Fortsetzung….
Lenny zündete sich eine Zigarette an, ging zum Klavier und begann zu spielen. Er deutete, doch Platz zu nehmen. Das tat ich auch. Schon nach den ersten Tönen wurde mir ganz anders. Der Maestro spielte die West Side Story. Es war wunderschön, ich war wie Trance. Die Tränen rannen mir über die Wangen. Dies bemerkte Lenny natürlich, doch ich wollte sie nicht verbergen und ließ so meinen Gefühlen vollen Lauf.

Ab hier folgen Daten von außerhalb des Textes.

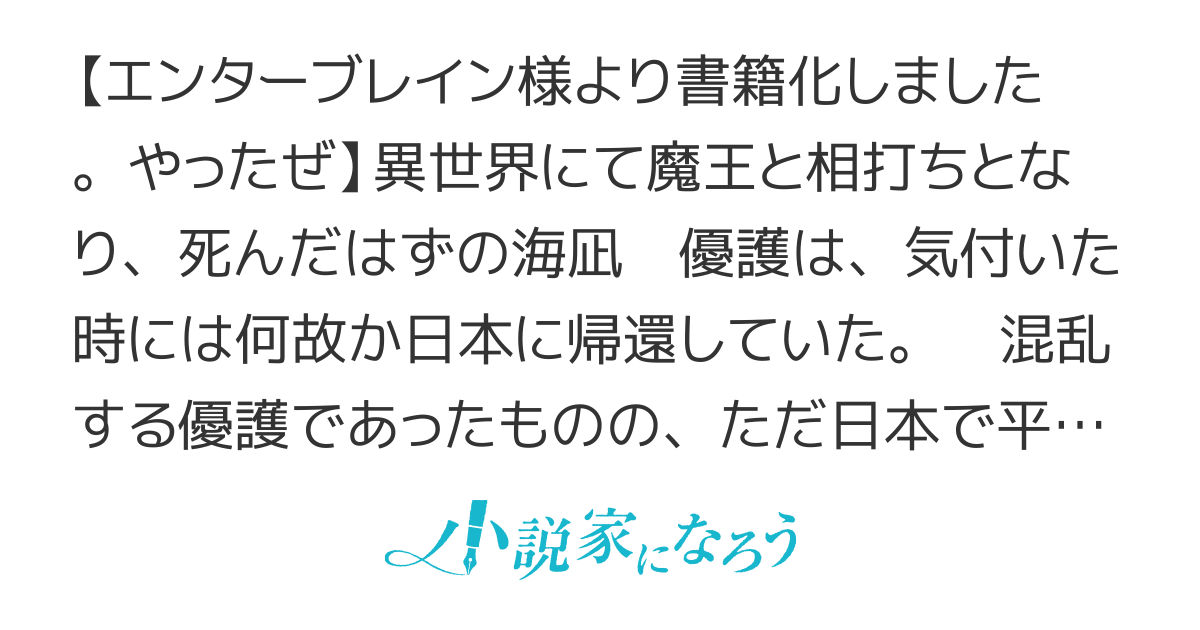 元勇者はのんびり過ごしたい～地球の路地裏で魔王拾った～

Ich weiß nicht, wie lange ich da gesessen bin. Eine viertel Stunde oder eine ganze Woche. Es war einzigartig! West Side Story, vom Komponisten selbst, und nur für mich allein.
Beim nach Hause fahren schwebte ich immer noch auf „Wolke sieben“. Völlig überwältigt weckte ich meine Frau noch spät nachts auf, um ihr alles erzählen zu können. Die ganze Nacht konnte ich nicht einschlafen, so bewegend war es noch immer für mich. Als ich dieses einzigartige Erlebnis ein bisschen verarbeitet hatte, schlief ich vor Erschöpfung doch für eine kurze Weile ein.
Am nächsten Tag war überraschender Weise schon die Abreise meines so geliebten Maestros. Sofort ging ich bei meinem Dienstantritt zu Lenny hoch, um mich zu verabschieden. Er wartete schon auf mich. „Hello, time to say goodbye”. („Hallo, wir müssen uns verabschieden“) Mit diesen Worten empfing er mich. „This is personally for you, I want to give you this.” (“Das ist für Sie persönlich, das möchte ich Ihnen schenken“) Während er das aussprach, überreichte er mir ein Foto von sich mit persönlicher Widmung und ein Buch, das er geschrieben hat.
Dafür dankte ich ihm vielmals und auch für die großartige Zeit, die ich mit ihm verbringen durfte. Wir verabschiedeten uns voneinander, wie es sich für zwei dicke Freunde gehörte, und freuten uns schon aufs nächste Mal. Abschied zu nehmen, fiel uns beiden sehr schwer. Mir kullerten die Tränen wieder einmal über die Wangen und auch Lenny bekam feuchte Augen. Nach seiner Abreise war ich natürlich sehr traurig, doch es verging mit der Zeit, denn wir wollten uns ja schon bald wiedersehen. Das war im Herbst 1986.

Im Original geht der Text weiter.